«A meno di mezz’ora da quando è stata data la notizia che la procura di Roma ha ricevuto alcuni documenti ulteriori dalle autorità egiziane, il governo ha preso una decisione grave: quella di rinunciare all’unico strumento di pressione per ottenere verità nel caso di Giulio Regeni di cui l’Italia finora disponeva. Ora tocca al governo dimostrare che questa mossa temeraria può servire davvero, com’è stato sostenuto, a ottenere ‘verità per Giulio’ e che non si tratti solo di una giustificazione maldestra della scelta di sacrificare i diritti umani sull’altare di altri interessi.» Quel che è certo è che Amnesty rimane al fianco della famiglia Regeni e che la battaglia per la verità per Giulio non si ferma

Così commentava il 14 agosto Antonio Marchesi, presidente di Amnesty International Italia, la decisione del governo italiano di rimandare in Egitto un proprio ambasciatore, Giampaolo Cantini, dopo aver richiamato in Italia Maurizio Massari per la scarsa collaborazione dimostrata fin da subito dalle autorità egiziane nell'investigare seriamente per portare alla cattura dei responsabili dell'assassinio del ricercatore italiano Giulio Regeni.

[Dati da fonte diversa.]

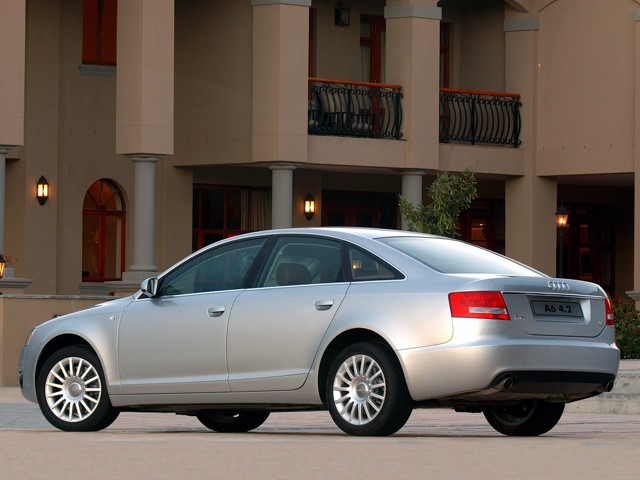 Audi A6 photo 12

Amnesty International, riferendosi alla decisione del governo italiano, parla di mossa temeraria, invitando il governo Geniloni a dimostrare che tale scelta possa realmente essere utile, com’è stato sostenuto, "a ottenere verità per Giulio". Inutile parlare dello scetticismo e dell'amarezza della famiglia Regeni per tale decisione.

Già di per sé tale scelta sembra sbagliata, ma lo è ancor di più dopo la pubblicazione di un articolo del New York Times del 15 agosto in cui si afferma che l'allora presidente del Consiglio Matteo Renzi era stato informato dall'amministrazione Obama, una settimana dopo l'assassinio di Regeni, che la responsabilità di quanto accaduto era da attribuire alle forze di sicurezza egiziane e che i vertici del governo egiziano ne erano a conoscenza.

Il Dipartimento di Stato Usa e la stessa Casa Bianca hanno provveduto ad informare Renzi delle responsabilità dell'Egitto. L'unica omissione nell'informazione è stata quella relativa all'apparato di sicurezza coinvolto nel rapimento, nelle torture e nell'assassinio di Giulio Regeni. Questo per preservare la fonte da cui gli Usa avevano ricevuto la notizia.

E con questi presupposti che cosa ha fatto l'Italia? Dopo aver ricevuto la pecetta giustificativa da mostrare alla stampa nostrana per far vedere che l'Italia non era venuta meno alla sua coerenza con il ricevimento di nuove informazioni sulle indagini da parte della magistratura egiziana, subito Gentiloni ha ripristinato in toto le relazioni diplomatiche con l'Egitto.

Adesso, però, dopo l'articolo del New York Times - a cui comunque la libera stampa italiana non darà alcun risalto - Gentiloni si è trovato in braghe di tela, dimostrando la fragilità della scelta fatta dal suo governo.

Poco importa la giustificazione che gli affari persi dall'Italia siano stati l'occasione per altri paesi europei - ulteriore dimostrazione dell'inessistenza e dell'inutilità dell'Unione europea - di sostituirsi all'Italia nei rapporti economici con l'Egitto, quel che è certo è che Abdel Fatah al-Sisi, direttamente o indirettamente, è responsabile dell'assassinio di Giulio Regeni e che l'Italia continua a fare affari con l'Egitto di cui lui continua ad esserne il presidente.